Benchmarking of photocatalytic coatings performance and their activation towards pollutants degradation

The use of organic-based photocatalytic coatings is a promising technology for improving air quality by eliminating inorganic and organic pollutants and for creating self-cleaning and antibacterial surfaces. The most common photocatalyst is titanium dioxide, in nanoparticulate form, which is embedded in a film-forming agent. In the present work, we investigate the performance of different photocatalytic coatings containing TiO2 nanoparticles (Aeroxide (R) P25 TiO2), towards the photo-degradation of a dye (methylene blue) as model reaction in a lab-scale UV photo-reactor. The TiO2 nanoparticles (similar to 21 nm) are tested as aqueous slurry and further used for preparation of photocatalytic coatings following two approaches: i) dispersion of P25 in a commercial acrylic paint aimed at outdoor use as a proof-of-concept, and ii) full formulation of acrylic-based photocatalytic coatings from raw materials, engineered with different pigmentation degrees defined by the lambda parameter (pigment volume concentration relative to critical pigment volume concentration).
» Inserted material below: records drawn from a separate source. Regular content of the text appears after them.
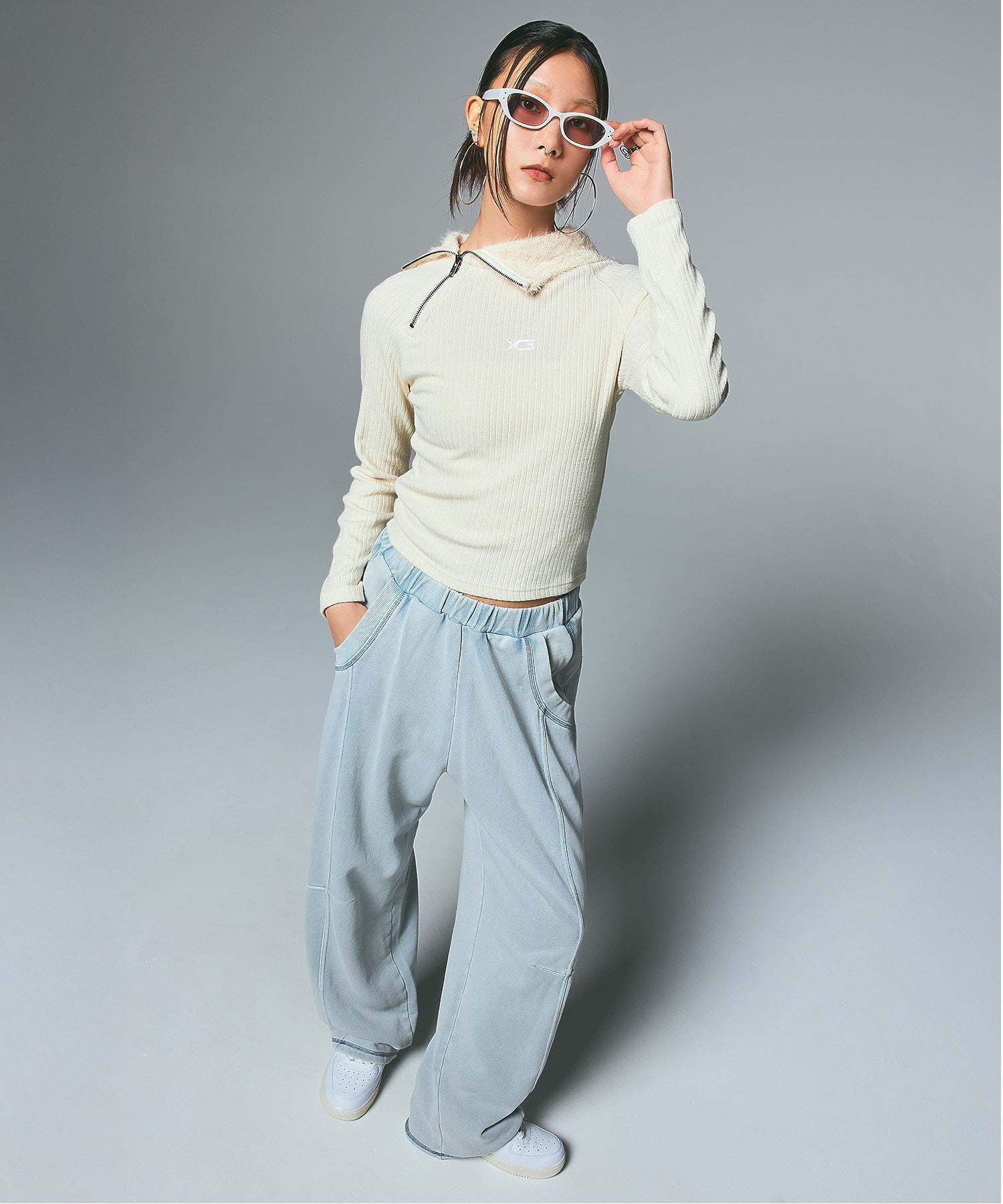 HAIRY HOODED HALF ZIP TOP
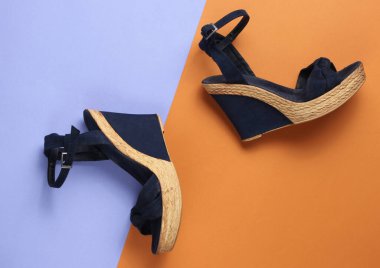 Renkli arka planda platformu olan şık kadın sandaletleri. Yaz ayakkabıları. Stüdyo çekimi. Minimalist moda hala hayattadır. Üst görünüm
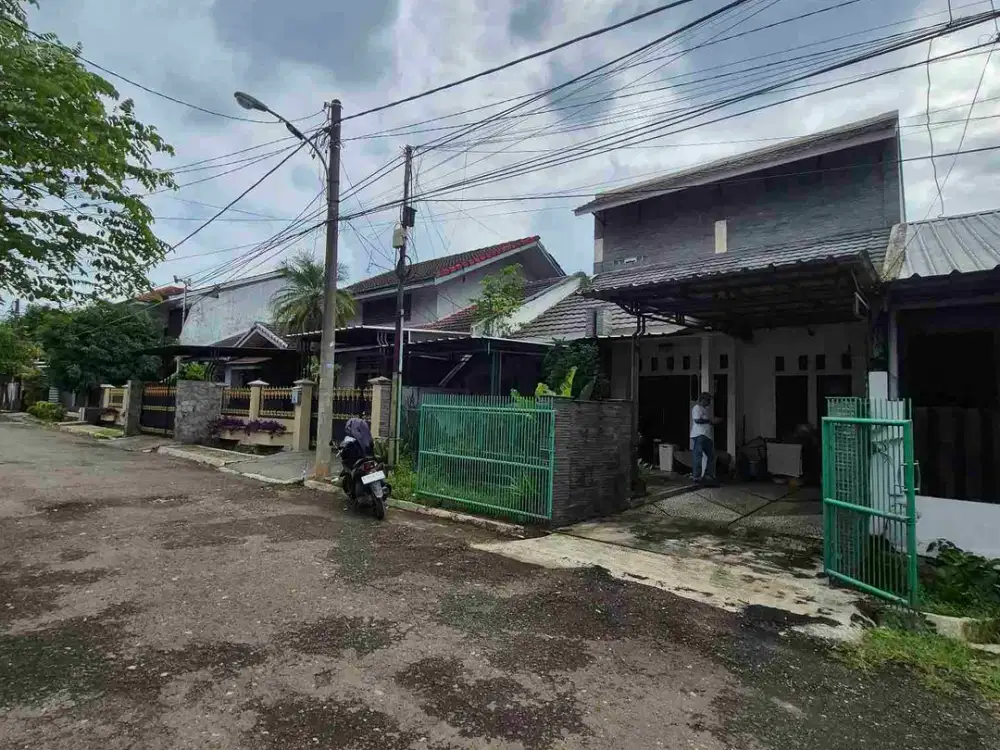 DIJUAL RUMAH BAGUS SIAP HUNI DALAM KOMPLEK WISMA CAKRA LIMO DEPOK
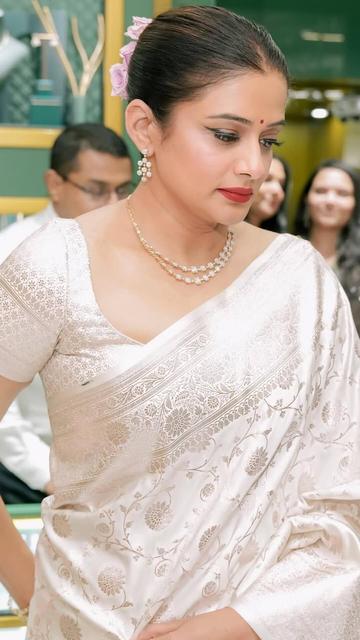SeaPearls Gold & Diamonds' store opening in Muscat became a night to remember, thanks to Priya Mani. Dressed elegantly, she captured the essence of luxury and style. Explore the exclusive photos from the event.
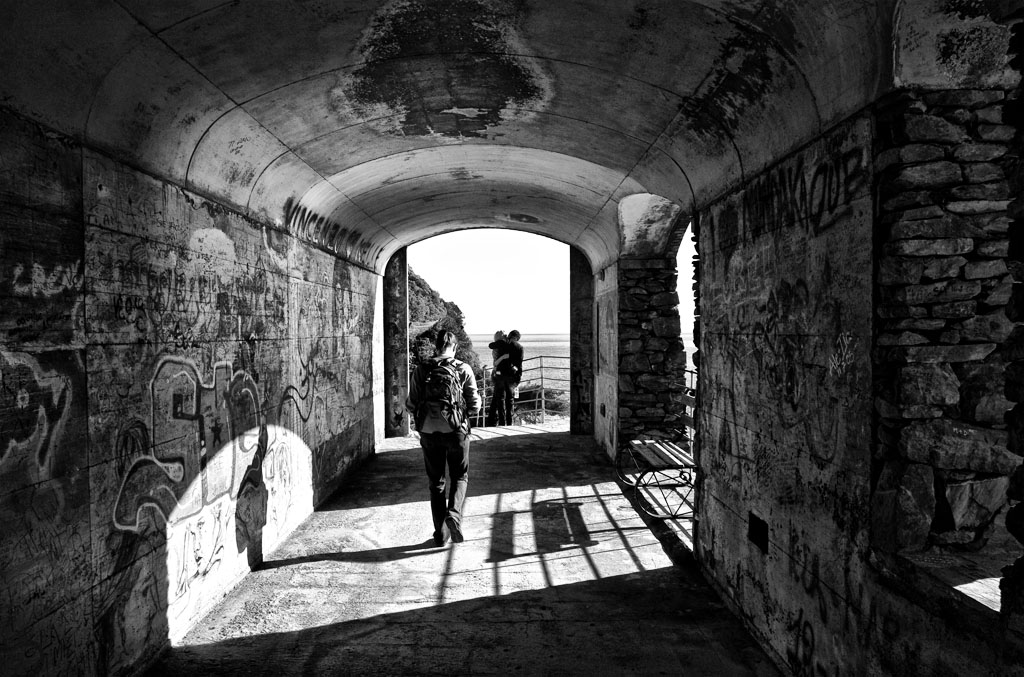 L'amore? In fondo al tunnel...........( BN )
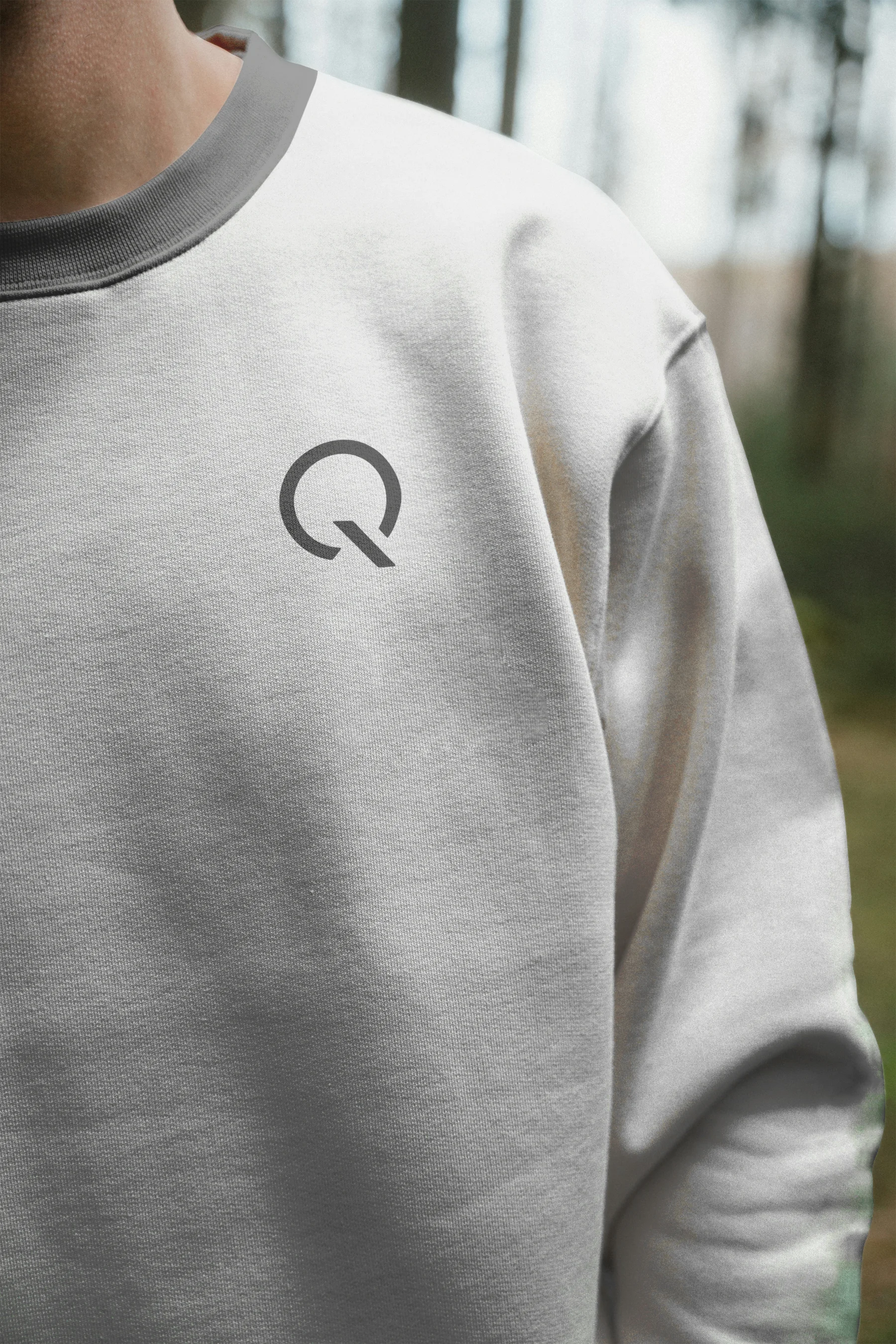 Un sweat brodé du monogramme Quantix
The TiO2-acrylic coatings prepared with both methods show activity towards dye degradation in UV-irradiation tests. After the first 50-60 min of UV exposure a significant increase (up to 70-100%) in the apparent rate constant for methylene blue photo -degradation sets in for the photocatalytic coatings suggesting that the coatings are activated in the early stages of UV exposure. Scanning-electron-microscopy analysis confirms that the activation mechanism involves the creation of a porous surface at the outermost layer of the coating, gradually exposing TiO2 photocatalyst, as result of partial binder photo-degradation. Water contact angle (WCA) measurements, performed with a digital microscope, reveal that the kinetic transition is accompanied by a sudden drop of the WCA, indicating an enhanced wettability that is attributable to the hydrophilicity OH-rich TiO2 surface becoming accessible with the increased porosity. Use of a high lambda can induce initial porosity that lowers the relative magnitude of this initial activation.